Jean Jacques ROUSSEAU
began his famous Confessions by a vehement appeal
to the Deity: “I have shown myself as I
was; contemptible and vile when I was so; good, generous,
sublime when I was so; I have unveiled my interior
such as Thou thyself hast seen it, Eternal Father!
Collect about me the innumerable swarm of my fellows;
let them hear my confessions; let them groan at my
unworthiness; let them blush at my meannesses!
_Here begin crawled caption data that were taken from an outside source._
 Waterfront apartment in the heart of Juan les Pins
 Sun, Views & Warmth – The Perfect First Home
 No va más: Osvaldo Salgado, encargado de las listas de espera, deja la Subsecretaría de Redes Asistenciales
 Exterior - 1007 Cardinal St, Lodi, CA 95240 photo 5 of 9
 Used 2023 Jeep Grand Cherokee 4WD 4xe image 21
Let each of them discover his heart in his turn at
the foot of thy throne with the same sincerity; and
then let any one of them tell thee if he dares:
‘I was a better man!’ “
Jean Jacques was a very great educator
in the manner of the eighteenth century, and has been
commonly thought to have had more influence than any
other teacher of his time; but his peculiar method
of improving human nature has not been universally
admired. Most educators of the nineteenth century
have declined to show themselves before their scholars
as objects more vile or contemptible than necessary,
and even the humblest teacher hides, if possible,
the faults with which nature has generously embellished
us all, as it did Jean Jacques, thinking, as most
religious minds are apt to do, that the Eternal Father
himself may not feel unmixed pleasure at our thrusting
under his eyes chiefly the least agreeable details
of his creation.
As an unfortunate result the twentieth
century finds few recent guides to avoid, or to follow.
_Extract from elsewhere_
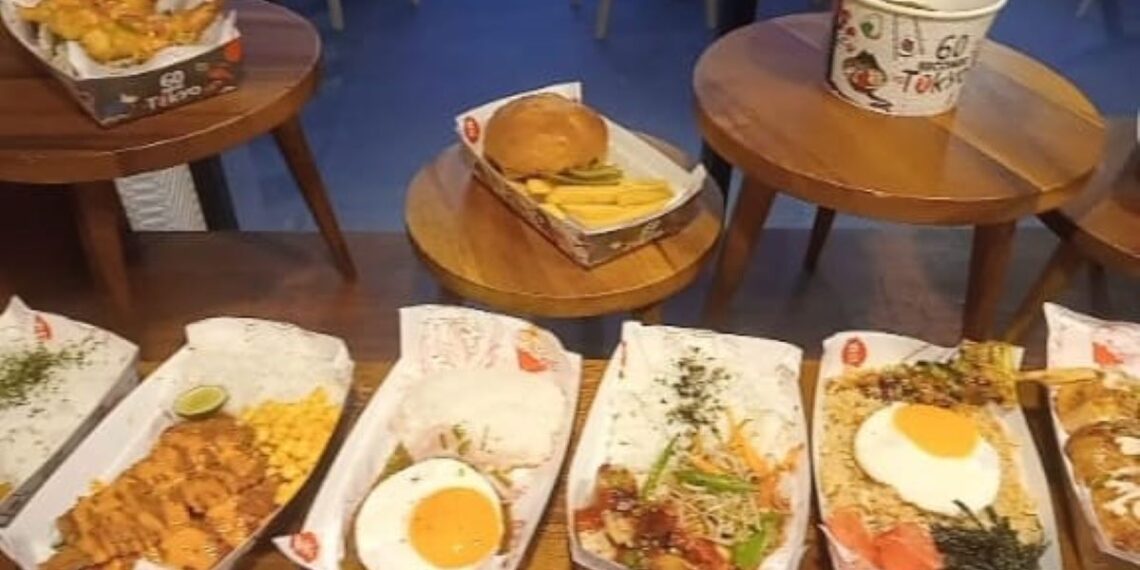 Aneka menu Japanese street food dalam program 60 Seconds to Tokyo di Quest Vibe Dewi Sri Bali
American literature offers scarcely one working model
for high education. The student must go back,
beyond Jean Jacques, to Benjamin Franklin, to find
a model even of self-teaching. Except in the
abandoned sphere of the dead languages, no one has
discussed what part of education has, in his personal
experience, turned out to be useful, and what not.
This volume attempts to discuss it.
As educator, Jean Jacques was, in
one respect, easily first; he erected a monument of
warning against the Ego. Since his time, and
largely thanks to him, the Ego has steadily tended
to efface itself, and, for purposes of model, to become
a manikin on which the toilet of education is to be
draped in order to show the fit or misfit of the clothes.
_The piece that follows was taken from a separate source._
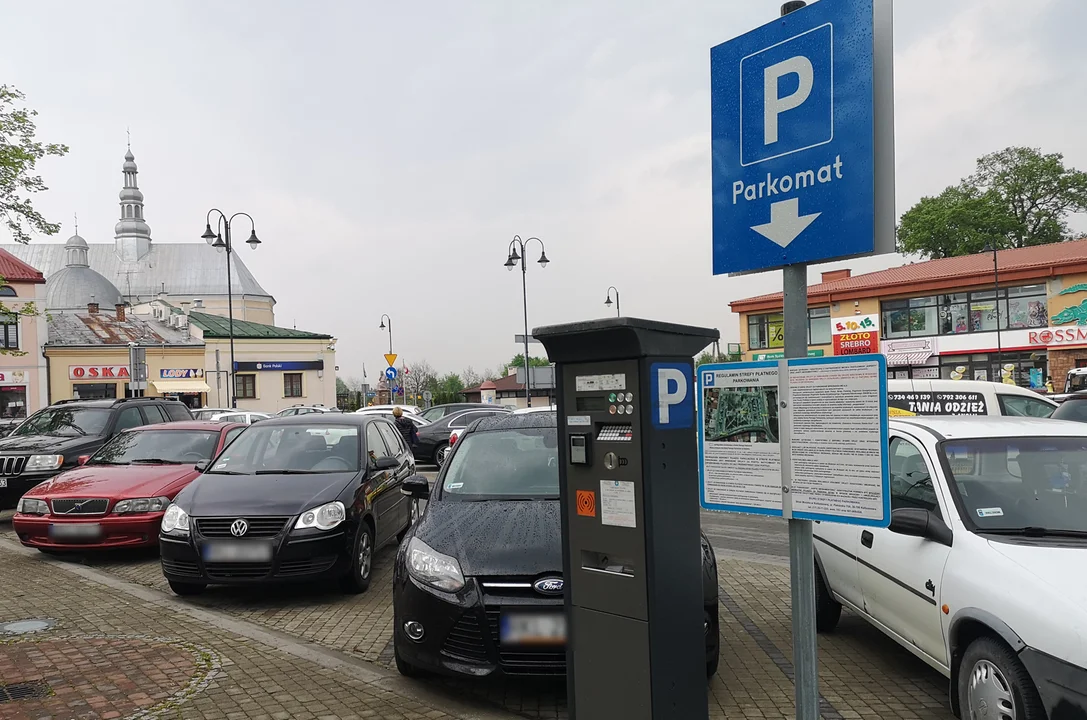 Kolejny rok z płatnym parkingiem w centrum Kolbuszowej. Ile pieniędzy trafiło do gminnej kasy? - Zdjęcie główne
The object of study is the garment, not the figure.
The tailor adapts the manikin as well as the clothes
to his patron’s wants. The tailor’s
object, in this volume, is to fit young men, in universities
or elsewhere, to be men of the world, equipped for
any emergency; and the garment offered to them is
meant to show the faults of the patchwork fitted on
their fathers.
At the utmost, the active-minded
young man should ask of his teacher only mastery of
his tools. The young man himself, the subject
of education, is a certain form of energy; the object
to be gained is economy of his force; the training
is partly the clearing away of obstacles, partly the
direct application of effort. Once acquired,
the tools and models may be thrown away.
The manikin, therefore, has the
same value as any other geometrical figure of three
or more dimensions, which is used for the study of
relation. For that purpose it cannot be spared;
it is the only measure of motion, of proportion, of
human condition; it must have the air of reality;
must be taken for real; must be treated as though
it had life. Who knows? Possibly it had!